▸ Exercise details: From the line containing "Arsénico en el" to the last line of the listing, both included, copy every line exactly and drop the pictures.

▸ Supplied records:
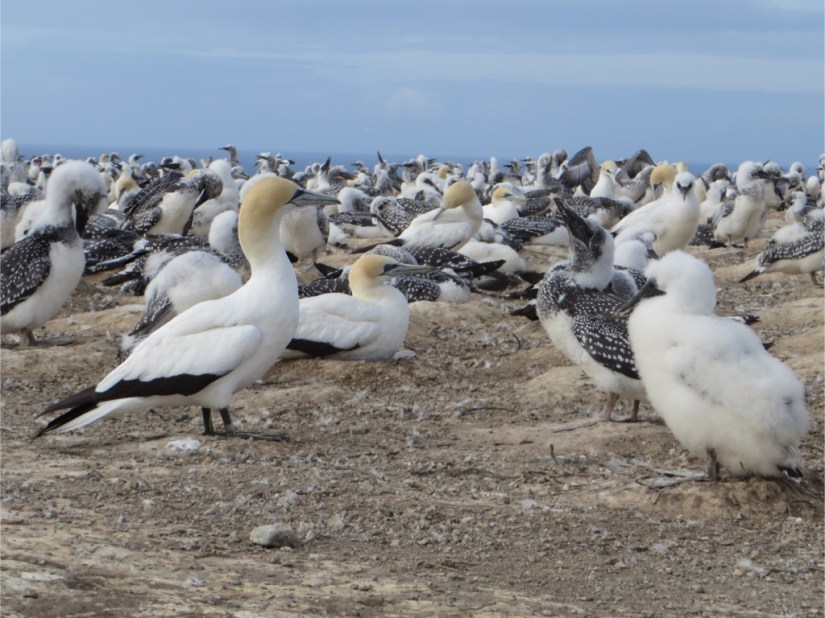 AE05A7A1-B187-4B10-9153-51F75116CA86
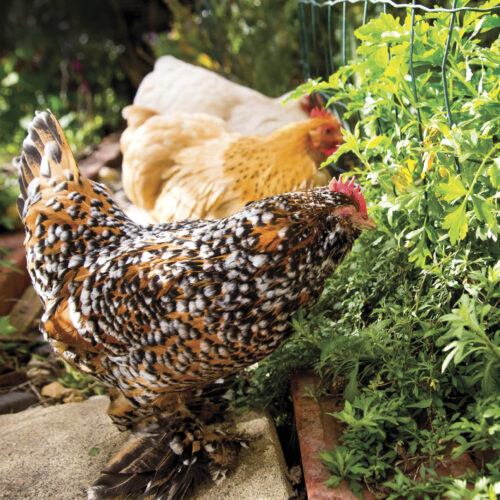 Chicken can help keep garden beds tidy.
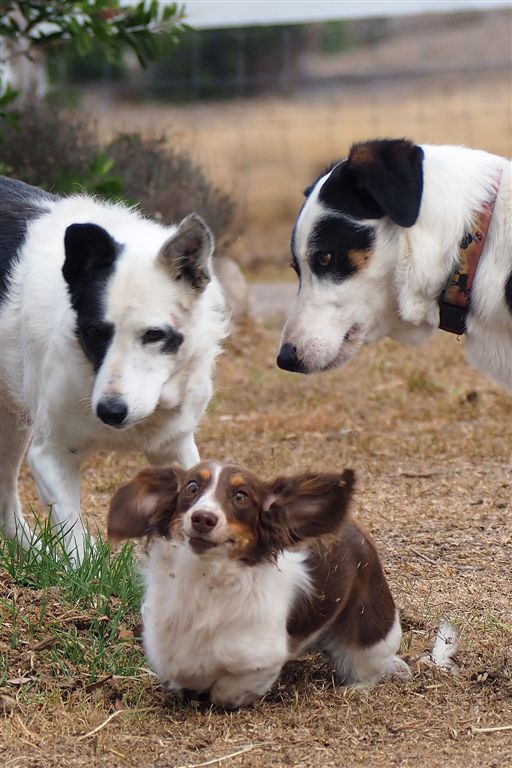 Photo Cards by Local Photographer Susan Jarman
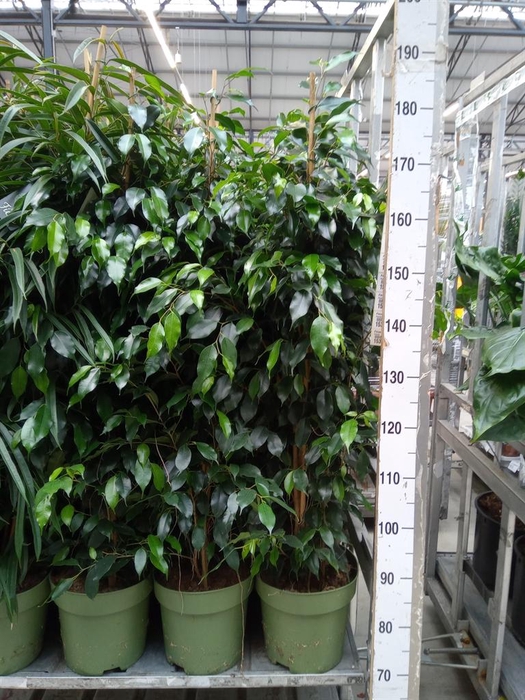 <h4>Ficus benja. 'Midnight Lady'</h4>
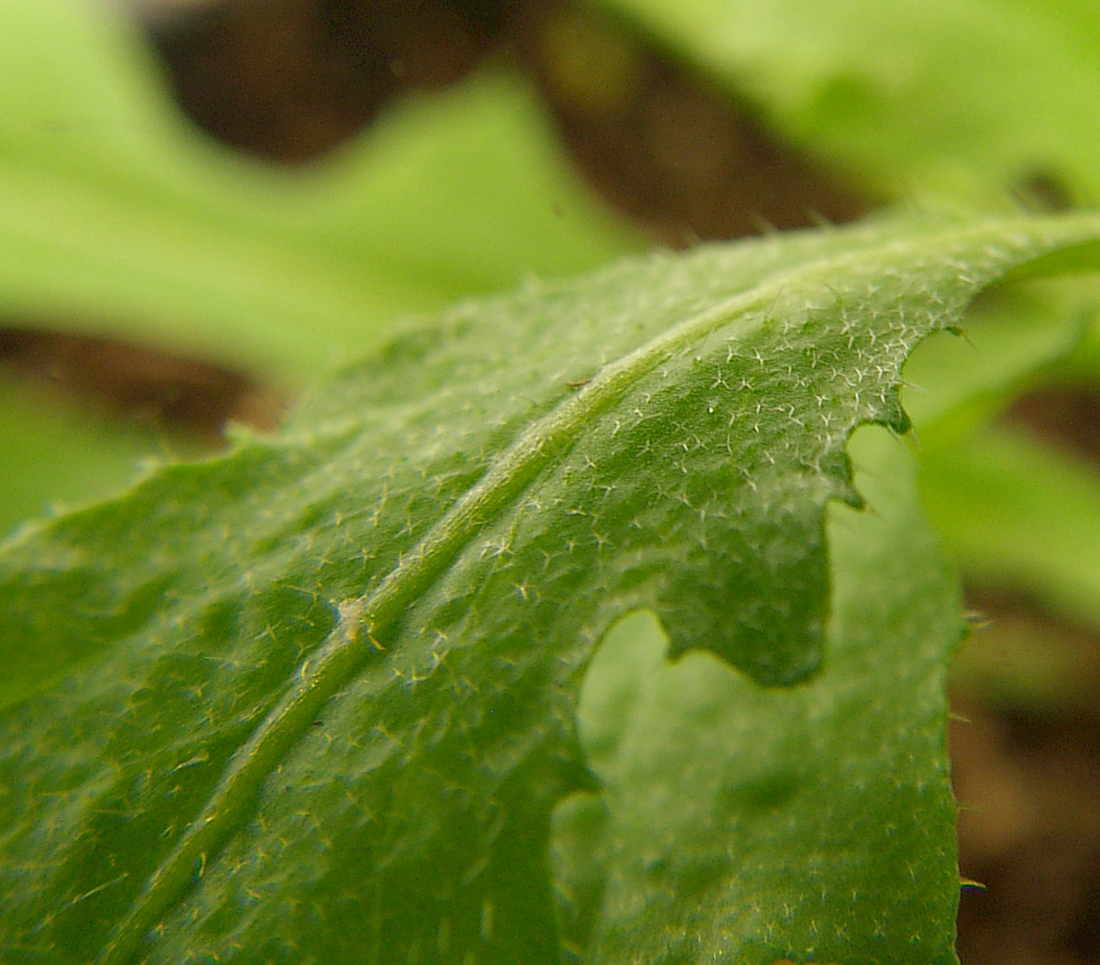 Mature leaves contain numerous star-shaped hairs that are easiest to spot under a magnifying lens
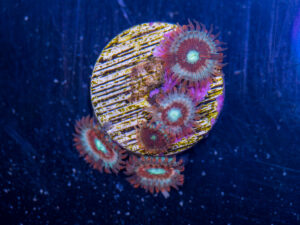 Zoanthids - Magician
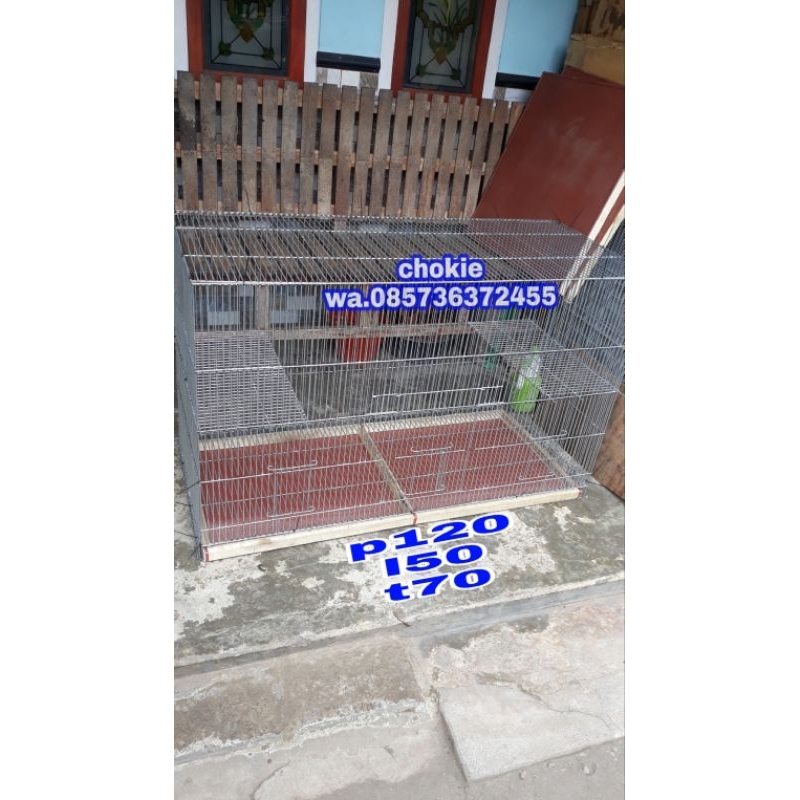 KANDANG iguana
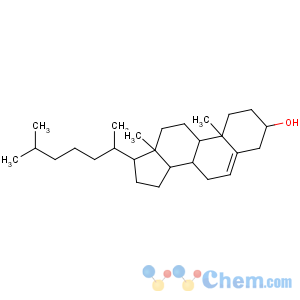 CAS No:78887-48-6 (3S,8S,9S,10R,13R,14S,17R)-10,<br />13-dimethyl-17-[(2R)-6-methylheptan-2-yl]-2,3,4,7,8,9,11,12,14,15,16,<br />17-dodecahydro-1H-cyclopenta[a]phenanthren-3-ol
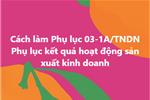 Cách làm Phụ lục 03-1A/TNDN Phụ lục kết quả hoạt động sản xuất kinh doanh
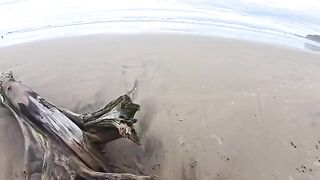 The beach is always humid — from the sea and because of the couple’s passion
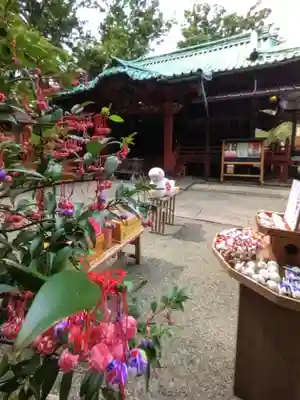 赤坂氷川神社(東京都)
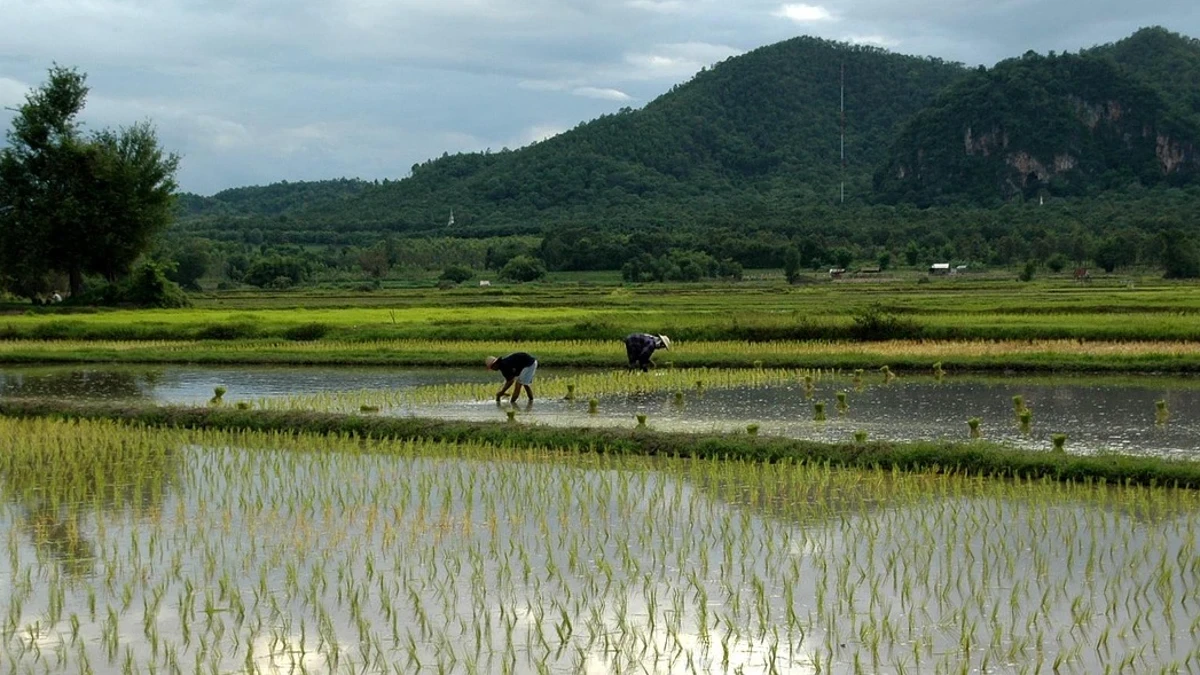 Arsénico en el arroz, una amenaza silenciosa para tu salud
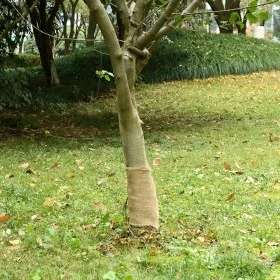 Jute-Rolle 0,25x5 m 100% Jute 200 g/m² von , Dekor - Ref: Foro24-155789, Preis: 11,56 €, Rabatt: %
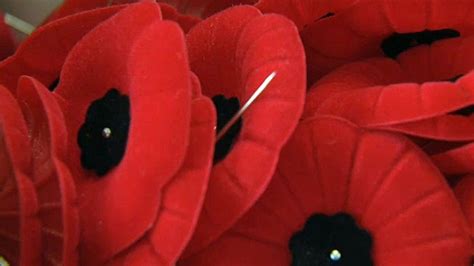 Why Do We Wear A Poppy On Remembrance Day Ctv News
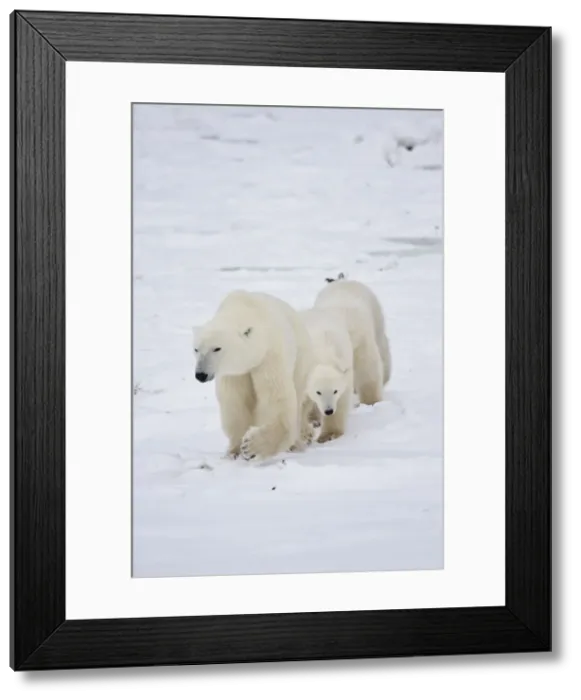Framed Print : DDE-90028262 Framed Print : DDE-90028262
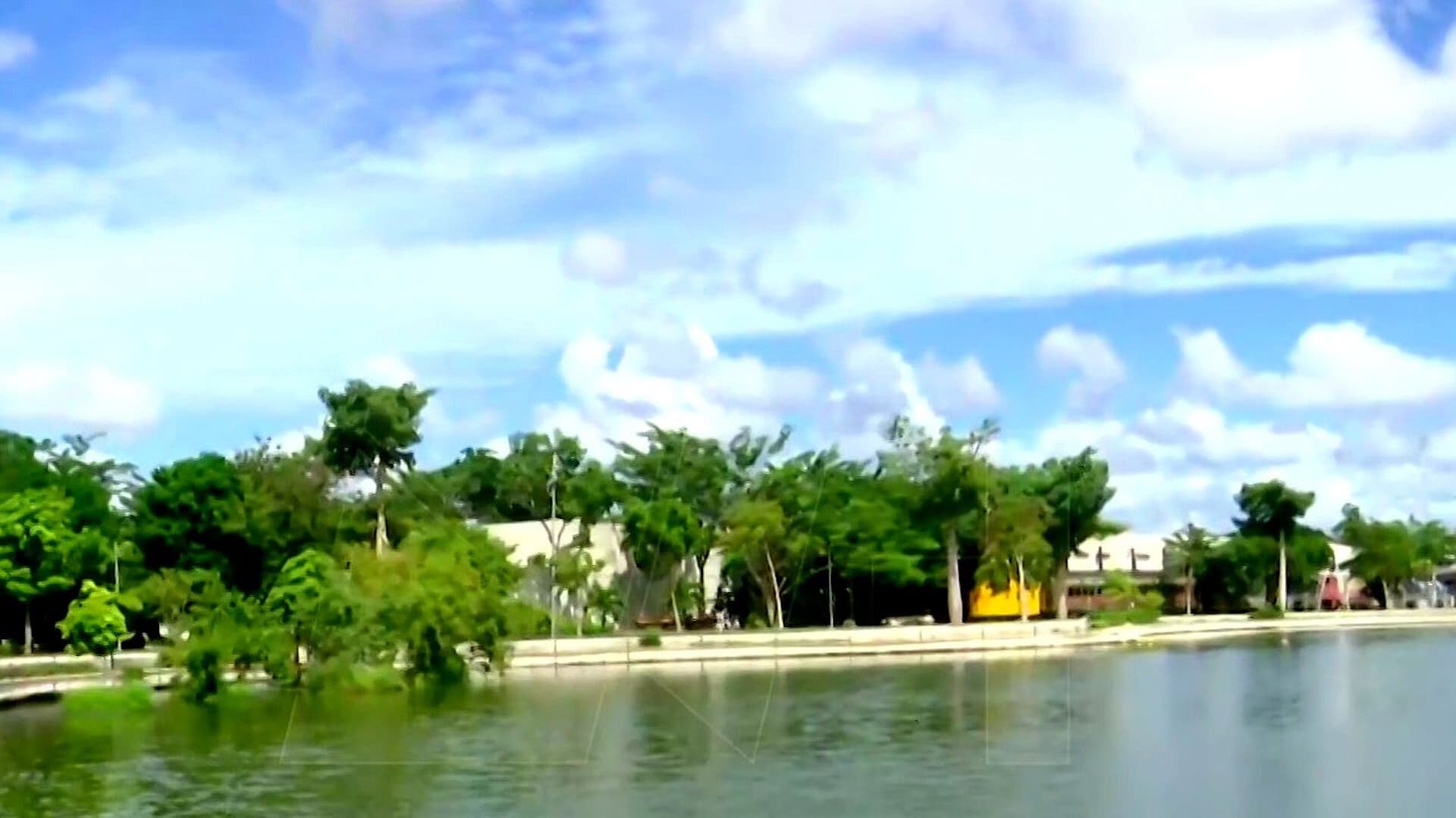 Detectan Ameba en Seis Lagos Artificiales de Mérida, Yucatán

▸ Solution:
 Arsénico en el arroz, una amenaza silenciosa para tu salud
 Jute-Rolle 0,25x5 m 100% Jute 200 g/m² von , Dekor - Ref: Foro24-155789, Preis: 11,56 €, Rabatt: %
 Why Do We Wear A Poppy On Remembrance Day Ctv News
Framed Print : DDE-90028262 Framed Print : DDE-90028262
 Detectan Ameba en Seis Lagos Artificiales de Mérida, Yucatán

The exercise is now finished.